Cette rencontre était magnifique. Nous étions avec Frédéric Jannin et nous enquêtions à propos d’Yvan Delporte. Il nous a accueillis simplement, avec chaleur, dans son bel appartement, blanc et lumineux, épuré. L’homme était serein et un fort bien-être se dégageait de lui, de son environnement. Il a sorti des verres et nous a fait goûter un délicieux vin rouge, tout simplement. Nous n’étions plus là, nous étions je ne sais où, et sortis de chez lui, nous étions encore tout étourdis par cette étonnante rencontre.
Quiconque croisait sa route tombait sur le champ sous le charme de son large sourire et de ses grands yeux bleus, ronds comme des billes et brillants de malice, d’intelligence. Il avait le verbe choisi, répondait toujours après un temps de réflexion et sa vision du monde, des gens, était toujours singulière. D’ailleurs, il était singulier. A nul autre pareil. Il nous faisait l’effet d’un petit prince échoué sur terre, observant ses contemporains et la valse folle du monde. Il s’en tenait à distance mais n’en perdait pas une miette. Quelle vie dans son regard, et quelle modernité dans ses idées. Je me souviens de longues conversations intimes au cours desquelles il était étonnant d’ouverture, de compréhension de l’âme humaine… Il n’était pas un homme de son époque ; il voyait toujours loin, très loin.
De l’avis de tous, c’était un homme délicieux. Je me souviens de son allure, so british, avec sa casquette et ses pantalons anglais. A ses côtés, dans la rue qui nous menait au restaurant près de chez lui, nous évoluions au milieu des gens, et le regardant à la dérobée, je voyais bien qu’il détonait parmi les passants. Maurice Rosy était un bien beau Monsieur, aimé de tous. Aimé de ceux qui partageaient sa vie aujourd’hui, et aussi de ses voisins, les commerçants de son quartier, de ceux qui l’ont connu, voici plus de 60 ans, quand il faisait ses premiers pas chez Dupuis.
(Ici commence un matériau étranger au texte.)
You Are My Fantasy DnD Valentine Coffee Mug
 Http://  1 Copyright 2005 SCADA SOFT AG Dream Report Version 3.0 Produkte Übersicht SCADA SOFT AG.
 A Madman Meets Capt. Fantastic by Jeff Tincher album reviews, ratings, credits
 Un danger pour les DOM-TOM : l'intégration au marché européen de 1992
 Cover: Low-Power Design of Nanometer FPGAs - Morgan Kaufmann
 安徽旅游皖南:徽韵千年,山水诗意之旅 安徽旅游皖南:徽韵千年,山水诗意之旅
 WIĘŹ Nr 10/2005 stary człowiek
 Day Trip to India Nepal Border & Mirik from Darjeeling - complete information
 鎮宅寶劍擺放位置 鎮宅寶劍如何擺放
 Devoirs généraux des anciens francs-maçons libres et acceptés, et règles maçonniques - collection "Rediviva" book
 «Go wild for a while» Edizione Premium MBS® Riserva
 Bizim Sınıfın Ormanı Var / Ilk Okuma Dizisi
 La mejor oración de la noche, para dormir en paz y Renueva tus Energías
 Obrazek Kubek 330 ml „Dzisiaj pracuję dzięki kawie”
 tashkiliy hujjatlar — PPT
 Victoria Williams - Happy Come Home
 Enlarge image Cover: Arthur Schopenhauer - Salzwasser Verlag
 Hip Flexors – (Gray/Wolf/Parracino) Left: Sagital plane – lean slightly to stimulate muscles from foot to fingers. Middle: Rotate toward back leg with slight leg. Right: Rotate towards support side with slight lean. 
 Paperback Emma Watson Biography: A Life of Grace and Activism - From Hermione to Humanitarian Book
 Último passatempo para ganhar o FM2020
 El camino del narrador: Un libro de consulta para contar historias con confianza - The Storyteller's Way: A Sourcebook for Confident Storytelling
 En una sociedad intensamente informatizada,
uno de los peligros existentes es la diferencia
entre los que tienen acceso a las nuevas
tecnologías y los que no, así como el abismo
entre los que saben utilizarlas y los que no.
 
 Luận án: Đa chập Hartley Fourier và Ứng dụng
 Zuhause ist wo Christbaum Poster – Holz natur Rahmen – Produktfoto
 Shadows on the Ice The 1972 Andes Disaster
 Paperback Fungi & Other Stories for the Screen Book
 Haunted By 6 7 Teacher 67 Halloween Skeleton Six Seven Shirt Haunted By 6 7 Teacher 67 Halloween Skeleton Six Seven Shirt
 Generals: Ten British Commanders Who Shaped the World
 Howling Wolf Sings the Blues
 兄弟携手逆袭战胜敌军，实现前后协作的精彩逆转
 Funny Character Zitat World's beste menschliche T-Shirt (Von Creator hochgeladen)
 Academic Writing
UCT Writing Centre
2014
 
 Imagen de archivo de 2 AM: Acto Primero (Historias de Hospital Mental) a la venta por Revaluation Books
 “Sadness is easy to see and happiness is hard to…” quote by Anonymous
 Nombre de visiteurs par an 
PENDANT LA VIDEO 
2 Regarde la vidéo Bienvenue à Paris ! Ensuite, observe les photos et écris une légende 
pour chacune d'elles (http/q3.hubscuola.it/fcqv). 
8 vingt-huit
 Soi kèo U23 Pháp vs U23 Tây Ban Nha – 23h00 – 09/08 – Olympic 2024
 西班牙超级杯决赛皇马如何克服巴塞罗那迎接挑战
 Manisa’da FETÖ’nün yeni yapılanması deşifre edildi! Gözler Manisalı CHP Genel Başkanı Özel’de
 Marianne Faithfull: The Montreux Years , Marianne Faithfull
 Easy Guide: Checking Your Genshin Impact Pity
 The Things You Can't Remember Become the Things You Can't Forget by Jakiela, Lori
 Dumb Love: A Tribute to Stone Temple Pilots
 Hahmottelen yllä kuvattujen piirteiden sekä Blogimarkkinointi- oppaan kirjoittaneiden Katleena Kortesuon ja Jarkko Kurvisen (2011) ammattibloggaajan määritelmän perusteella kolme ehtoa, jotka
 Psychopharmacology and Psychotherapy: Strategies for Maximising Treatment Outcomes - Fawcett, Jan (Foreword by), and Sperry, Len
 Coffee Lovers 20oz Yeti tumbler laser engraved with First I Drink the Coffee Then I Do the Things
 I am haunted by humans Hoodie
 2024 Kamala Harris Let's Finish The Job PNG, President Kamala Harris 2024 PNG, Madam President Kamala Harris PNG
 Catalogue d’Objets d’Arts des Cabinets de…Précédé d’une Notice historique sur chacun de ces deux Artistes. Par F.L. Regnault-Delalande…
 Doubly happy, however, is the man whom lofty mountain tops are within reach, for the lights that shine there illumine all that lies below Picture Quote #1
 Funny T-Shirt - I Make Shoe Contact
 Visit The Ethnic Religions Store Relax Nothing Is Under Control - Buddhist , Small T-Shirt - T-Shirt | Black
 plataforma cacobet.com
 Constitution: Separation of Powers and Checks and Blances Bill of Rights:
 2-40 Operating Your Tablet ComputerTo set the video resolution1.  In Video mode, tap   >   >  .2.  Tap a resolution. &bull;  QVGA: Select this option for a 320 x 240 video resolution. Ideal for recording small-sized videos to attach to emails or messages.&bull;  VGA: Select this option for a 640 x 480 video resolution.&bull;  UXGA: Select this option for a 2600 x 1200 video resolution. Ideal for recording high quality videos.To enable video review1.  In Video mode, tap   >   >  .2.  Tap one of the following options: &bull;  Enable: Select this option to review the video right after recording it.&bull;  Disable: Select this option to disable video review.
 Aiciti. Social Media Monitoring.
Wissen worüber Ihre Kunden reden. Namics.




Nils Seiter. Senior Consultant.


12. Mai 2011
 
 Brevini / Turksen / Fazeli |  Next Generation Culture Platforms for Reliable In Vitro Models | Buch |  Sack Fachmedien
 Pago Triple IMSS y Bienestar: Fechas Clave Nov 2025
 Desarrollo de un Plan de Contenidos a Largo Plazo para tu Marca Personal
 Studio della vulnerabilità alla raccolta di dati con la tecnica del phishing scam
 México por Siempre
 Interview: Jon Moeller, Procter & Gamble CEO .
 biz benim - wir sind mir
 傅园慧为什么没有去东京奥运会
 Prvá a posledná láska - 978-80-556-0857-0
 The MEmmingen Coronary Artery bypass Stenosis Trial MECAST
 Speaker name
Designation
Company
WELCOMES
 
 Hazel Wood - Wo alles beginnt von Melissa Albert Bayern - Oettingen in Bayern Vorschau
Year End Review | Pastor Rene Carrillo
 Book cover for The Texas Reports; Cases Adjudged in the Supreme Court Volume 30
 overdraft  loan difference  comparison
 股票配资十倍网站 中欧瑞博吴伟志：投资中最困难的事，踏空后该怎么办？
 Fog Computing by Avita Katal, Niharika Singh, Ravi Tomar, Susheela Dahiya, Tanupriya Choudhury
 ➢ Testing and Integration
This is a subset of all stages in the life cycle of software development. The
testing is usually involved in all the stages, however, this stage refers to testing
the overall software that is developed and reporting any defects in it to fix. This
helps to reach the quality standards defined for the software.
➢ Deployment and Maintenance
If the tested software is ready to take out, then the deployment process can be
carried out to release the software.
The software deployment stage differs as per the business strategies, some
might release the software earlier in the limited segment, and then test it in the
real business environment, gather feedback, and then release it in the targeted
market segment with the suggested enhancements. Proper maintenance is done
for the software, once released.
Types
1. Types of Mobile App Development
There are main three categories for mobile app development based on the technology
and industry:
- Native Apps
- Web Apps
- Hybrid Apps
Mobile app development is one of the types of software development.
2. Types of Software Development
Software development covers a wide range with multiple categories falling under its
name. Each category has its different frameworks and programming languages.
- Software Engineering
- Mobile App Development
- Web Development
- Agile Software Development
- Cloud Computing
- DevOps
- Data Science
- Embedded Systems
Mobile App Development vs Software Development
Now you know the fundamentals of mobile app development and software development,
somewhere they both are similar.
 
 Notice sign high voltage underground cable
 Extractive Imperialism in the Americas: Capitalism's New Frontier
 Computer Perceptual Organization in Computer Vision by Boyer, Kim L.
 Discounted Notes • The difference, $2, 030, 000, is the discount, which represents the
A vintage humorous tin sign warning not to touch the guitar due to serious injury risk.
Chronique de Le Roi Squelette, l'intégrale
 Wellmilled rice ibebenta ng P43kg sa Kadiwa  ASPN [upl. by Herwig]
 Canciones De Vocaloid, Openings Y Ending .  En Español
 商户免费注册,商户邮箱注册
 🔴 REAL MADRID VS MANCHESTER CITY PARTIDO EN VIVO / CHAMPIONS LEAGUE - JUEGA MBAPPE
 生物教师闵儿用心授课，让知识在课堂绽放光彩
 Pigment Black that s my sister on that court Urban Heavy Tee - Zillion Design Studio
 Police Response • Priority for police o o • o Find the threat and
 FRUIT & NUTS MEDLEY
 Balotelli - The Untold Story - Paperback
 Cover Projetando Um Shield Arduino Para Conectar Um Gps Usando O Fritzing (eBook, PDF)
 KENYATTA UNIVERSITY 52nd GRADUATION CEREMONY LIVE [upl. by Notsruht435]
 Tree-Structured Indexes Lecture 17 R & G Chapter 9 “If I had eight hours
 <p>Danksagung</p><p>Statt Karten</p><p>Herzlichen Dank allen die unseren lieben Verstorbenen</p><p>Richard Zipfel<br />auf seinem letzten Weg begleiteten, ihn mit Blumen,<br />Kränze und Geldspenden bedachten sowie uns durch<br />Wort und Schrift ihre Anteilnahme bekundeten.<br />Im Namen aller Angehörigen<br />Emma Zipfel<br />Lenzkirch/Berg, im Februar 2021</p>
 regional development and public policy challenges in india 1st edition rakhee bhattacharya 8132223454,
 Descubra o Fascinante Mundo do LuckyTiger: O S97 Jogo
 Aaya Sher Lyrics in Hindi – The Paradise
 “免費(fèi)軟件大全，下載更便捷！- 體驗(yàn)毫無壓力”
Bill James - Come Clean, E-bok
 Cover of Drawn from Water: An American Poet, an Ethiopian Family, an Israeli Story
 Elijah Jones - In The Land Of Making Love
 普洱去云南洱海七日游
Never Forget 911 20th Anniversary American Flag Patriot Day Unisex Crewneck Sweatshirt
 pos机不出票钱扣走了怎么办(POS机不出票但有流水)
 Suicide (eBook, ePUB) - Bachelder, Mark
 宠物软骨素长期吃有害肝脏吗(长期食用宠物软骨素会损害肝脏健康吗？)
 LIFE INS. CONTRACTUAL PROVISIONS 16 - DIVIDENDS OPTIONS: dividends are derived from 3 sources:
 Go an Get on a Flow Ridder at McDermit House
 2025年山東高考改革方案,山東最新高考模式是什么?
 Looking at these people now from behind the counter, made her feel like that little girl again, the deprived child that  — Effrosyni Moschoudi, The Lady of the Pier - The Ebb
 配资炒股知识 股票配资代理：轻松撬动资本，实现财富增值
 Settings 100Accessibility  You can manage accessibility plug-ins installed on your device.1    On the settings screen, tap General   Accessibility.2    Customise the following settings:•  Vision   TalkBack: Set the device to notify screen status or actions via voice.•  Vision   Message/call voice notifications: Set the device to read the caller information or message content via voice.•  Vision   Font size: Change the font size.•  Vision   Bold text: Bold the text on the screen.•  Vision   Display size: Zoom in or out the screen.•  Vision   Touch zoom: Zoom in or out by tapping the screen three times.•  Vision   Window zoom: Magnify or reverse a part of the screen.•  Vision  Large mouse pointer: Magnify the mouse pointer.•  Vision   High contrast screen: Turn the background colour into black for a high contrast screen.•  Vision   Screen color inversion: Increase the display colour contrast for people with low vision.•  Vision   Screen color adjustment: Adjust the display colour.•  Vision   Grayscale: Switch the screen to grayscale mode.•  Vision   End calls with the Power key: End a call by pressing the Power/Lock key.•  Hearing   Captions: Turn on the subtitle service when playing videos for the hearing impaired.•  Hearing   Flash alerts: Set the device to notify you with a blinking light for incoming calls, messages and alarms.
Tout ceux à qui nous avons parlé de lui s’en souviennent avec bonheur : « Ah, Maurice Rosy ! Lui, c’était quelqu’un de bien ! » Bienveillant, toujours, il soutenait les jeunes auteurs pris dans la tourmente, entre Charles Dupuis et Yvan Delporte. A eux trois, ils formaient ce que nous appelons la Sainte Trinité et jamais le Journal de Spirou n’aurait connu un tel âge d’or si un seul de ces trois-là avait manqué tant ils étaient complémentaires, c’est certain. Maurice Rosy, scénariste de quelques fabuleuses aventures de Spirou, mais aussi génial créateur de Monsieur Choc, de Bobo, mais aussi de Boule et Bill. Il a décidé de changer de vie, à l’aube des années 70, et de conquérir Paris et ses agences de dessin.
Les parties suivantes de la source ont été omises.